Голландский проповедник играет в какой-то особенный бридж, где misère [226] называется «Лулу».
Два дня fête: course de chevaux – играли только французы; pari mutuel [227] , шансы почти равные. Пароход разукрашен; кинофильм еще хуже, чем обычно. Когда вошел маршал, все встали; очень приветлив, раздает автографы, на аукционе подписанная им фотография стоила 900 франков. Пассажиры второго класса приходят на бал и на концерт. Джаз-банд «Legionnaires» [228] : губная гармоника, барабан и банджо; на барабане наклейка «Mon Jazz» [229] . Пела девица, Бартон назвал ее «Люси всеми любимая». Относительно поездов «Джибути – Аддис-Абеба» [230] полная неясность; слухи противоречивы: дело в том, что бельгийский консул не может связать по-английски двух слов.

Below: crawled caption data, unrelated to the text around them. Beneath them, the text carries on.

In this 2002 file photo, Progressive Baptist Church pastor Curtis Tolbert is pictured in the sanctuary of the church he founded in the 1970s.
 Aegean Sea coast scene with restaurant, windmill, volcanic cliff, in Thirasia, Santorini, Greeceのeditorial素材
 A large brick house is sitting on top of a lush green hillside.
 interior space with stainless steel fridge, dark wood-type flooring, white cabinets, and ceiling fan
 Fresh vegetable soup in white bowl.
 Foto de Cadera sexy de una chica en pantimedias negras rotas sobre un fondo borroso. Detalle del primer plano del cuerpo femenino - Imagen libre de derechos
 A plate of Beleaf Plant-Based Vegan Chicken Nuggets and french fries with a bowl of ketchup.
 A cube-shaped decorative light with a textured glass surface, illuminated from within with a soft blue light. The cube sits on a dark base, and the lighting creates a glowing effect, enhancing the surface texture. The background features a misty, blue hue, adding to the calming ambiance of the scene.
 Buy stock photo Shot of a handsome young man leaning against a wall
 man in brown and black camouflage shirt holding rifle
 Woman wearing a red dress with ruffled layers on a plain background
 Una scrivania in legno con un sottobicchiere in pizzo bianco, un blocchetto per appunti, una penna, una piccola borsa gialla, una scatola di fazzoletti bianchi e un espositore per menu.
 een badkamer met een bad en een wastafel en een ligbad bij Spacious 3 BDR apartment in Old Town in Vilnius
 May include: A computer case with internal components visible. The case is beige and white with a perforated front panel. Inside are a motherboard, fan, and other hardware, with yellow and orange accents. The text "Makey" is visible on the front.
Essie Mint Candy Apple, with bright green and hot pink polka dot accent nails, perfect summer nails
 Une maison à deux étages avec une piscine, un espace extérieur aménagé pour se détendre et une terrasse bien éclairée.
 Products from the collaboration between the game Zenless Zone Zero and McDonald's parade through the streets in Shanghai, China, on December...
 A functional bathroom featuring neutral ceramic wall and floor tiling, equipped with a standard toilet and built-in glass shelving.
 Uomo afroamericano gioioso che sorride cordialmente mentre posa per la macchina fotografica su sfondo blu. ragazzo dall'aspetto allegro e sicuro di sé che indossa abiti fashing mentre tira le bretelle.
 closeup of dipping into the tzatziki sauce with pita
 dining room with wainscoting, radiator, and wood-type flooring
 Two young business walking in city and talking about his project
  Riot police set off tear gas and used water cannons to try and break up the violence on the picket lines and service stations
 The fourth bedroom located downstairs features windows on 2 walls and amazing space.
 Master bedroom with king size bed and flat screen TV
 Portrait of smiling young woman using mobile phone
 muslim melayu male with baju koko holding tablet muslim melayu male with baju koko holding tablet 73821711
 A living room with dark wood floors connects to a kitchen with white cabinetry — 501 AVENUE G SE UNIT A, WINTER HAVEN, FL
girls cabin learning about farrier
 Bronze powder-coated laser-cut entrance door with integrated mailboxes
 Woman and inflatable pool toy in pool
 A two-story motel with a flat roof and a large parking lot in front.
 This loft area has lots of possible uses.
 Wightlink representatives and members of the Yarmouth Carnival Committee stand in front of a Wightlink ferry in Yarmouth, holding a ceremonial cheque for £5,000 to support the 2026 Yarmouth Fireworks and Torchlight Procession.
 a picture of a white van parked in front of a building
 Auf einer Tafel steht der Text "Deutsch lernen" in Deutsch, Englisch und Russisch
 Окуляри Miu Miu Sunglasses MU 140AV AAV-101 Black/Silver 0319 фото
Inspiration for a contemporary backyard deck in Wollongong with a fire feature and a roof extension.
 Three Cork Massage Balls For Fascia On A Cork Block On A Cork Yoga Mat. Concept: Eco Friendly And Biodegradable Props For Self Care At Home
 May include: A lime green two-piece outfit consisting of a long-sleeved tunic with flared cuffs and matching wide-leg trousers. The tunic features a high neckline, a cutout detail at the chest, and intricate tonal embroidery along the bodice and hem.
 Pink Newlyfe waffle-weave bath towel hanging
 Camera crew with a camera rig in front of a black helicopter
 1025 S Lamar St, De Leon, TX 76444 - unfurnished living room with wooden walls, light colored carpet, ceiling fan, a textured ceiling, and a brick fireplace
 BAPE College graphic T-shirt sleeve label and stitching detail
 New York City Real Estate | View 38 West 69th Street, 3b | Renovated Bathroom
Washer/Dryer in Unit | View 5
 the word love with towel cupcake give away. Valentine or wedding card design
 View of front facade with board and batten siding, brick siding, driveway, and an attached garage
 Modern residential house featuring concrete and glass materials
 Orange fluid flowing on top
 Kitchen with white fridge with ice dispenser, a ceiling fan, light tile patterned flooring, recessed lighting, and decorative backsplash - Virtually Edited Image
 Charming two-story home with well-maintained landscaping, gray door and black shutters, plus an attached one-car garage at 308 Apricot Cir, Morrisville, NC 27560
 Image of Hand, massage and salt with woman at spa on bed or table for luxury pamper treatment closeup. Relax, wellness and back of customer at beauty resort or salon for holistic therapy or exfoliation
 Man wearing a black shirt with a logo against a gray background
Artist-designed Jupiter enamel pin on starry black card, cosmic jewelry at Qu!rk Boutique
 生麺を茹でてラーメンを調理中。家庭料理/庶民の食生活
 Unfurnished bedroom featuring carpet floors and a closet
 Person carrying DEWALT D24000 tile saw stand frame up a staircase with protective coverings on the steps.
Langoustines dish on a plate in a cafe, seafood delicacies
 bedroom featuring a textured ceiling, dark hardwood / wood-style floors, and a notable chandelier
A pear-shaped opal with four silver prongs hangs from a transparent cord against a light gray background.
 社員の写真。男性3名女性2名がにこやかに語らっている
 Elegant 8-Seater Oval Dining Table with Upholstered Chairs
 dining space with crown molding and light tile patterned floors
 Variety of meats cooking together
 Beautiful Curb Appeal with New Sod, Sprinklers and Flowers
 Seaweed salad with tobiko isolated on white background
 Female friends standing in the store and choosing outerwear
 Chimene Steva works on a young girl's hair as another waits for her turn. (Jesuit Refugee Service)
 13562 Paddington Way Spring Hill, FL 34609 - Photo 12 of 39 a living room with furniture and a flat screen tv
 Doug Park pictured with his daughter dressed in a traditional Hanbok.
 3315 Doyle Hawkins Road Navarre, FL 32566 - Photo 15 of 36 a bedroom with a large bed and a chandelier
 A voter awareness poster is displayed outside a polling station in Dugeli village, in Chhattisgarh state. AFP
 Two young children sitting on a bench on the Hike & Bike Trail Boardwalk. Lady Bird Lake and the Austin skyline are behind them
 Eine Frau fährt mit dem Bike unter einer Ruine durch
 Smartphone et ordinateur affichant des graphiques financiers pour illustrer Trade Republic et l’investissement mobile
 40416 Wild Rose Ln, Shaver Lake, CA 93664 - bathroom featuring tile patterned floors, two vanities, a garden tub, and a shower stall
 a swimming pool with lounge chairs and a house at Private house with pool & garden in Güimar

Горячий ветер. Жившие в тропиках не выдерживают. За день до Джибути на море волнение. «Azay» весьма прочен. Драка между стюардами. Китаец посажен под замок; в камере, кроме него, уже два солдата. Потею. Подарил библиотеке книги сомнительного содержания.
В Джибути прибыли на рассвете. Одна пара еще танцевала; лица серые. С поездами по-прежнему неизвестность; начальник интендантской службы заверяет, что поезда есть: один – рано утром, другой – вечером. «Специально для делегаций». И еще один вечерний, и тоже специальный. Бартон и я сходим на берег; встреча с британским консулом Лоу, молодым агентом по погрузке и разгрузке судов. Действительно, имеются два поезда, оба специальные, для делегаций. Говорит, что и на тот и на другой достать билеты «затруднительно». Проливной теплый дождь, плащей нет, тропические шлемы мокнут. «Hôtel des Arcades» [231] , очень славная французская управительница. Дала нам номер с балконом, чистым бельем, ванной. Оставил на пароходе губку, бритву и пр. Дождь прекратился. Едем на машине по залитым водой улицам. Нищие, инвалиды, прокаженные. Европейский квартал: ветхая лепнина, широкие улицы, штукатурка осыпается на глазах. Людей охватывает внезапный испуг – не мог сначала понять, в чем дело; машину встряхнуло – землетрясение. Туземный квартал: глиняные хижины. Поменял деньги – норовят обсчитать. Сомалийцы: у одних бритые головы, у других крашеные рыжие кудри. Вернулись в отель; Лоу добыл нам билеты на пассажирский поезд со всеми остановками. Chasseur [232] в отеле заверил: на таможне наш багаж проверять не будут. <…> Обедали на террасе; маленькие мальчики обмахивали нас веерами в надежде на чаевые.